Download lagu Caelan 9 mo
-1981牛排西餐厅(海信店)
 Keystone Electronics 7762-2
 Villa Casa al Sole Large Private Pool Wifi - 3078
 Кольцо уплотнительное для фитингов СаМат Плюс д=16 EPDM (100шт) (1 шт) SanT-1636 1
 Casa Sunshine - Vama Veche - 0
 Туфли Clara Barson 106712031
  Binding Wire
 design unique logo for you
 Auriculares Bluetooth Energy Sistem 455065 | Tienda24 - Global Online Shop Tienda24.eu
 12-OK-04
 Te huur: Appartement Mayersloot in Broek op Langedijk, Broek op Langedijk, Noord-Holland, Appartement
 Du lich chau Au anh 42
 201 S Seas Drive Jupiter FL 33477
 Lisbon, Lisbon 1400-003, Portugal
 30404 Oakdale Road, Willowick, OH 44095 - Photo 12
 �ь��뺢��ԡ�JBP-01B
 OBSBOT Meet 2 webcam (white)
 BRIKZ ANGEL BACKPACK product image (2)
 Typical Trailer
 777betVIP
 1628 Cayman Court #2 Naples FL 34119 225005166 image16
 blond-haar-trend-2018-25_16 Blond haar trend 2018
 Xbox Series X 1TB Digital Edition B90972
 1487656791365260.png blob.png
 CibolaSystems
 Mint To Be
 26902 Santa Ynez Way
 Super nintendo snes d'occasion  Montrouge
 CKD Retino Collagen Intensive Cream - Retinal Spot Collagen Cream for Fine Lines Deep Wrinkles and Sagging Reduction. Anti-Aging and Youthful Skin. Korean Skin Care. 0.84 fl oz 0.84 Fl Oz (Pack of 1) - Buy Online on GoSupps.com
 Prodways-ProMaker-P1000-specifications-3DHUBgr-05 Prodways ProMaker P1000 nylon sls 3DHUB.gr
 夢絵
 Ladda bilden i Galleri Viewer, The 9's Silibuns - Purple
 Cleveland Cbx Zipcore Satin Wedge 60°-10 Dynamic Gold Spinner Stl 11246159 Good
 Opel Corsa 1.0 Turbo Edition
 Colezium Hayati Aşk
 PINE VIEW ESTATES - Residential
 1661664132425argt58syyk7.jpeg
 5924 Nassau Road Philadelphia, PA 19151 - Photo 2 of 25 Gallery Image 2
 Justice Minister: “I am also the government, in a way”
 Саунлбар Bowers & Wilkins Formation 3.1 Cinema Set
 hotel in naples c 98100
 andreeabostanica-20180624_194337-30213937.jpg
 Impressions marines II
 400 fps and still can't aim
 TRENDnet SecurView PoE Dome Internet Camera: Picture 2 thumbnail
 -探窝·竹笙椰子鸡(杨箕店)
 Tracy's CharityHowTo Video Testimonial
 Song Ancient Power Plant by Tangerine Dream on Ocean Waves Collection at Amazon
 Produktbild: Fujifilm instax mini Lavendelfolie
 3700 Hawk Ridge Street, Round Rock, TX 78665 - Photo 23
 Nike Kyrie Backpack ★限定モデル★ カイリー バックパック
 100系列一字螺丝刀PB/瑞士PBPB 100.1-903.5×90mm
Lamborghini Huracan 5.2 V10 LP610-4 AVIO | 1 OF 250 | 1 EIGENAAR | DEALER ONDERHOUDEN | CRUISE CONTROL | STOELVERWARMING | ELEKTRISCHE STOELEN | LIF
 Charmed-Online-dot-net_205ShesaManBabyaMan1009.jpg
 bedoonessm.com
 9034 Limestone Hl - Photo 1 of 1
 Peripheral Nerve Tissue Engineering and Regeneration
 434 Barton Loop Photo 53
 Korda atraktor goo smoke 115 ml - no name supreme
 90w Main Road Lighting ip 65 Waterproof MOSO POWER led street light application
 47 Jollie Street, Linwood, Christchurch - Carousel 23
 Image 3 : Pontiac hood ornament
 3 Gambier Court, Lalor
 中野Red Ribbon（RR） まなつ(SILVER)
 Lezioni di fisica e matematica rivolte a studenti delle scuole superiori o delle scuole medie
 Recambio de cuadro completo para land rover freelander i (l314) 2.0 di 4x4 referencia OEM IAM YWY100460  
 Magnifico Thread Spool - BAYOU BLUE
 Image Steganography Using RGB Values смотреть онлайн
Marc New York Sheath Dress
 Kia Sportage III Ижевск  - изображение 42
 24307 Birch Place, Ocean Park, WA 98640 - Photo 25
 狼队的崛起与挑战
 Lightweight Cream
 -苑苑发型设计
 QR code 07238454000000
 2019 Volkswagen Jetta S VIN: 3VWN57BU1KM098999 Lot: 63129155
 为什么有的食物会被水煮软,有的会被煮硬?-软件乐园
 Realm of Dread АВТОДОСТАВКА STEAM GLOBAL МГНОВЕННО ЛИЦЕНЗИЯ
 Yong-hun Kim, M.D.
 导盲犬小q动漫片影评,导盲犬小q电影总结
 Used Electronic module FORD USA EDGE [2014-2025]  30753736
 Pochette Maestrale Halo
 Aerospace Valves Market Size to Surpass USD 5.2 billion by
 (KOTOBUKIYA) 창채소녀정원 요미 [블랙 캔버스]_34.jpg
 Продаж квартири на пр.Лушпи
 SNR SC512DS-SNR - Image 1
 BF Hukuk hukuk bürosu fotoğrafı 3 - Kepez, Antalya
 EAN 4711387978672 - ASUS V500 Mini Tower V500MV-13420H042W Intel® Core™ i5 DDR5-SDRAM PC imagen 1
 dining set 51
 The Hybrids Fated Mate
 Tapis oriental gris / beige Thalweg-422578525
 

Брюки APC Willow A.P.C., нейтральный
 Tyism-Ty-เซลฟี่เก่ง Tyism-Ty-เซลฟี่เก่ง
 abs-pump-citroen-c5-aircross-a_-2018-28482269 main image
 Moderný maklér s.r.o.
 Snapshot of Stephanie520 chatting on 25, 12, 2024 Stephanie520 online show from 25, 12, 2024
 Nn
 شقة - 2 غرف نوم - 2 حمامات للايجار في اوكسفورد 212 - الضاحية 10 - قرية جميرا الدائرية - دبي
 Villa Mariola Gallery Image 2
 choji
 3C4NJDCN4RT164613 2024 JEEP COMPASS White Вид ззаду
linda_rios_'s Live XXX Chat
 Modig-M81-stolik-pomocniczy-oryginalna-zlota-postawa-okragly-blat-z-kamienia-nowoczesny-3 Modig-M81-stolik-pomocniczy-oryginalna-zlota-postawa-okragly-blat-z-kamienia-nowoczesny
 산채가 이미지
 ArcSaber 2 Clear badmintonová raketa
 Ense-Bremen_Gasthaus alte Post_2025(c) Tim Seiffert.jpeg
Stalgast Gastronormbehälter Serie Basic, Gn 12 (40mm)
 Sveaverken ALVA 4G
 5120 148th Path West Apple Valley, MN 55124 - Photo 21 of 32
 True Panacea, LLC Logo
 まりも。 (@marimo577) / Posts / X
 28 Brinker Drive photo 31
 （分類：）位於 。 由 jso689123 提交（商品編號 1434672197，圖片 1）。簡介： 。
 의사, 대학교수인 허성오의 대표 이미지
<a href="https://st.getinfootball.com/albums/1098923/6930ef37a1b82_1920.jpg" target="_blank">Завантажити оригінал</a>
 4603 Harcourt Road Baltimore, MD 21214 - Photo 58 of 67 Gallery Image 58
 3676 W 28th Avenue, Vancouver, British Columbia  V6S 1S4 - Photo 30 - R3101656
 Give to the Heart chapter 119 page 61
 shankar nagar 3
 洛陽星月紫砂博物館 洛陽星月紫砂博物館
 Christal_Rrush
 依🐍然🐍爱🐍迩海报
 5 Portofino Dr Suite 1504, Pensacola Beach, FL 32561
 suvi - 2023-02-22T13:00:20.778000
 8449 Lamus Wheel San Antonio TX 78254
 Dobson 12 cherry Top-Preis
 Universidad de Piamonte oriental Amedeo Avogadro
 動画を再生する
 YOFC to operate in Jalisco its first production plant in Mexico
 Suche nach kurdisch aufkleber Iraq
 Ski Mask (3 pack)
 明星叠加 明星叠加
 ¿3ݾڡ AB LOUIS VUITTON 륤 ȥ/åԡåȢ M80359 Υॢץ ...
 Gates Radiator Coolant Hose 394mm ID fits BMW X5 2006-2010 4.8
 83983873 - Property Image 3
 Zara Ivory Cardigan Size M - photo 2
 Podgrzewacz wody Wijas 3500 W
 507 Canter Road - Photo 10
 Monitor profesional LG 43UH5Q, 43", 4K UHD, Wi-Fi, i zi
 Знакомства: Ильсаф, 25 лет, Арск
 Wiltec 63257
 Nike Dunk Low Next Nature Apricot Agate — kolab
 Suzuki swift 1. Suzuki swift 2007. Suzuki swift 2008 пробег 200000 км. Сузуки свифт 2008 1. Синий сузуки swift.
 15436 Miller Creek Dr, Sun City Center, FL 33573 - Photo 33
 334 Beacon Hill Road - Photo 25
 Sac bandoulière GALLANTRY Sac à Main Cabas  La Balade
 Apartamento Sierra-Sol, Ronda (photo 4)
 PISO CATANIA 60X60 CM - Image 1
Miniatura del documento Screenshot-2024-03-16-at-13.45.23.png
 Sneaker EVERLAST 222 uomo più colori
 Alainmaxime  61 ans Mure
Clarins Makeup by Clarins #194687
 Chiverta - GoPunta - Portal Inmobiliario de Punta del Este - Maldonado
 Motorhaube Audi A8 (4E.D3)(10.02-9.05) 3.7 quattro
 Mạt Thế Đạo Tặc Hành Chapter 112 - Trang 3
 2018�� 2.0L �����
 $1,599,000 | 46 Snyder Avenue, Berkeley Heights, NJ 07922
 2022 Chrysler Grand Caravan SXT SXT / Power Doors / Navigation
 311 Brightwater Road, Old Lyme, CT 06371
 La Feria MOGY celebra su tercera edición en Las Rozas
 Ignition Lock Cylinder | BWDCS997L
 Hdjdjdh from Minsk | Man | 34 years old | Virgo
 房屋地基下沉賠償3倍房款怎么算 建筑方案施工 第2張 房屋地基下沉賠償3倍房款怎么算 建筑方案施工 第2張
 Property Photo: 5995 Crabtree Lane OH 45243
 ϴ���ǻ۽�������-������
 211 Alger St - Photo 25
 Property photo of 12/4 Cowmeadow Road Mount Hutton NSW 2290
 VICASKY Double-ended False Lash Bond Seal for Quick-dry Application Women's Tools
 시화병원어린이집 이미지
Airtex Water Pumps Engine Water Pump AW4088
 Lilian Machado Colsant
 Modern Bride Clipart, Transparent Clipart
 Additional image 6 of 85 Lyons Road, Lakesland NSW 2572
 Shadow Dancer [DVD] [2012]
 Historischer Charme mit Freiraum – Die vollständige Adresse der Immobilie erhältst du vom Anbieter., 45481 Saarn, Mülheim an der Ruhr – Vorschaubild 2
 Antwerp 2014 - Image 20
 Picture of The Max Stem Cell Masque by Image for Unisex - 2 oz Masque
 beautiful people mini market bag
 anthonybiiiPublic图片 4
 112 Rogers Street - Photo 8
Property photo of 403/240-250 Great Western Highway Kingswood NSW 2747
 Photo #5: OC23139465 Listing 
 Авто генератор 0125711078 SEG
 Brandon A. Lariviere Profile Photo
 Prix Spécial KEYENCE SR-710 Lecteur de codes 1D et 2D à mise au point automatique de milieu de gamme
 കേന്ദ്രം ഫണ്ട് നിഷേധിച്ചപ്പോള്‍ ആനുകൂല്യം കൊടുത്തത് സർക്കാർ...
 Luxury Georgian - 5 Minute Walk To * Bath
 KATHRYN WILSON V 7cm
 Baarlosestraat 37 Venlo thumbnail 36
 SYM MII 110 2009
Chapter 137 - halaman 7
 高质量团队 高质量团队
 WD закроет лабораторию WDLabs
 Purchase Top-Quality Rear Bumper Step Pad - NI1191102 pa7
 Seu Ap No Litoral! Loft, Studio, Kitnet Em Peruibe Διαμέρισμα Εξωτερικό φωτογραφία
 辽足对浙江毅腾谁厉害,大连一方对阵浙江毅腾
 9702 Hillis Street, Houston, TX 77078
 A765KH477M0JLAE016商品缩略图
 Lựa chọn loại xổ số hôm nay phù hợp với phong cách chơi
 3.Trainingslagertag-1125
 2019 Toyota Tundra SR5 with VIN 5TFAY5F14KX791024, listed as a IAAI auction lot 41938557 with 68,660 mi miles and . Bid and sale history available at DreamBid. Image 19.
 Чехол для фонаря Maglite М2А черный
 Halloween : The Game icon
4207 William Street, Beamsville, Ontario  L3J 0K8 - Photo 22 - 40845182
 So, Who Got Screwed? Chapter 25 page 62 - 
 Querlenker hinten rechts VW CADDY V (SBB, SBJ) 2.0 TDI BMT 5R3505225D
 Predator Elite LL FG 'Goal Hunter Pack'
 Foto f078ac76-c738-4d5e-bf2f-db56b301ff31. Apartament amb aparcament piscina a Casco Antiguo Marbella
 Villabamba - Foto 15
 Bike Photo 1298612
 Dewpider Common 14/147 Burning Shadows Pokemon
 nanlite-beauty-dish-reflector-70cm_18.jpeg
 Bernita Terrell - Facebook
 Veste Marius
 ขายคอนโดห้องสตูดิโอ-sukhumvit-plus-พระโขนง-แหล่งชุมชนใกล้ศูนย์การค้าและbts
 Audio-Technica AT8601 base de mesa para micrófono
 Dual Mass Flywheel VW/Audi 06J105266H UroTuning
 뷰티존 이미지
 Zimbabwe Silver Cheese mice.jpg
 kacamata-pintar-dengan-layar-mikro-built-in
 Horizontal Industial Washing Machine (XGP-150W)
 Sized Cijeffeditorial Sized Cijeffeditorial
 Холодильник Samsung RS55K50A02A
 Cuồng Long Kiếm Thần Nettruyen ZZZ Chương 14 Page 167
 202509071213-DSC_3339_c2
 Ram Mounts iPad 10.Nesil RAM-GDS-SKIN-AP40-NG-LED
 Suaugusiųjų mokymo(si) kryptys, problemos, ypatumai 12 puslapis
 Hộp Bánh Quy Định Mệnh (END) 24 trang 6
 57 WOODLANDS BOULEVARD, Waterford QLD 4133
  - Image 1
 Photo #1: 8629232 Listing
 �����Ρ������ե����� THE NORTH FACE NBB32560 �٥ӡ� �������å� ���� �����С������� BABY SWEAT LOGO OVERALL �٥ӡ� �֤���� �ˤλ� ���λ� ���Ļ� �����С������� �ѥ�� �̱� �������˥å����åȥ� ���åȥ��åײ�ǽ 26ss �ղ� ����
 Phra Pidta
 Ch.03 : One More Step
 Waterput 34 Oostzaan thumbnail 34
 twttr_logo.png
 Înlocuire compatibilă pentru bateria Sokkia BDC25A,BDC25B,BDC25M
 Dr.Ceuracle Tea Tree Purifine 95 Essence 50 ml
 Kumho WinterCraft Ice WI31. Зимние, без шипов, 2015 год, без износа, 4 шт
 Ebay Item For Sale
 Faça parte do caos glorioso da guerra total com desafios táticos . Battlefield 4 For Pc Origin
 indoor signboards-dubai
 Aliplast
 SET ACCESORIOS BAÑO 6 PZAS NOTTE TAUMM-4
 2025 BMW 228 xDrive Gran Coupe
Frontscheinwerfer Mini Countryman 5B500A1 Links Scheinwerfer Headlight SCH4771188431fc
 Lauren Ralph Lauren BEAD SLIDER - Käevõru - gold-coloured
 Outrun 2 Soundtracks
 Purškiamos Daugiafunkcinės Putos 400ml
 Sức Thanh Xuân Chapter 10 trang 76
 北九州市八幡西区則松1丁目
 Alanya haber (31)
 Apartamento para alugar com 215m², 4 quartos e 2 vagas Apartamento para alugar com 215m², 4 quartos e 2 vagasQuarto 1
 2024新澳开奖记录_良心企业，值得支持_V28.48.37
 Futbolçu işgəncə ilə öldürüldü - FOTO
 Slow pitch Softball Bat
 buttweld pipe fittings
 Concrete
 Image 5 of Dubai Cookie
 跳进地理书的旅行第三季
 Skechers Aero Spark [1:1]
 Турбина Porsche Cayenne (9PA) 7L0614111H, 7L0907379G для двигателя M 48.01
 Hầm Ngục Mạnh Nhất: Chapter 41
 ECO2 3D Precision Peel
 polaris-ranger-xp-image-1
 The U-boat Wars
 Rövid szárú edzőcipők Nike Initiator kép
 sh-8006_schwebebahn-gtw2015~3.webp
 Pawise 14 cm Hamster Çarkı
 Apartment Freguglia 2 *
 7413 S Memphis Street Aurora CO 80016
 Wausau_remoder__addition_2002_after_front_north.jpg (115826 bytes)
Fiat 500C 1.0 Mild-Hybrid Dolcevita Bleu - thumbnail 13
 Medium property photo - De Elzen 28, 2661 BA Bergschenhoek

- TO DO -
Print, please, the lines above from the very first through the one that holds "design unique logo for you", both included, word for word and with nothing else.

- RESULT OF THE TASK -
Download lagu Caelan 9 mo
-1981牛排西餐厅(海信店)
 Keystone Electronics 7762-2
 Villa Casa al Sole Large Private Pool Wifi - 3078
 Кольцо уплотнительное для фитингов СаМат Плюс д=16 EPDM (100шт) (1 шт) SanT-1636 1
 Casa Sunshine - Vama Veche - 0
 Туфли Clara Barson 106712031
  Binding Wire
 design unique logo for you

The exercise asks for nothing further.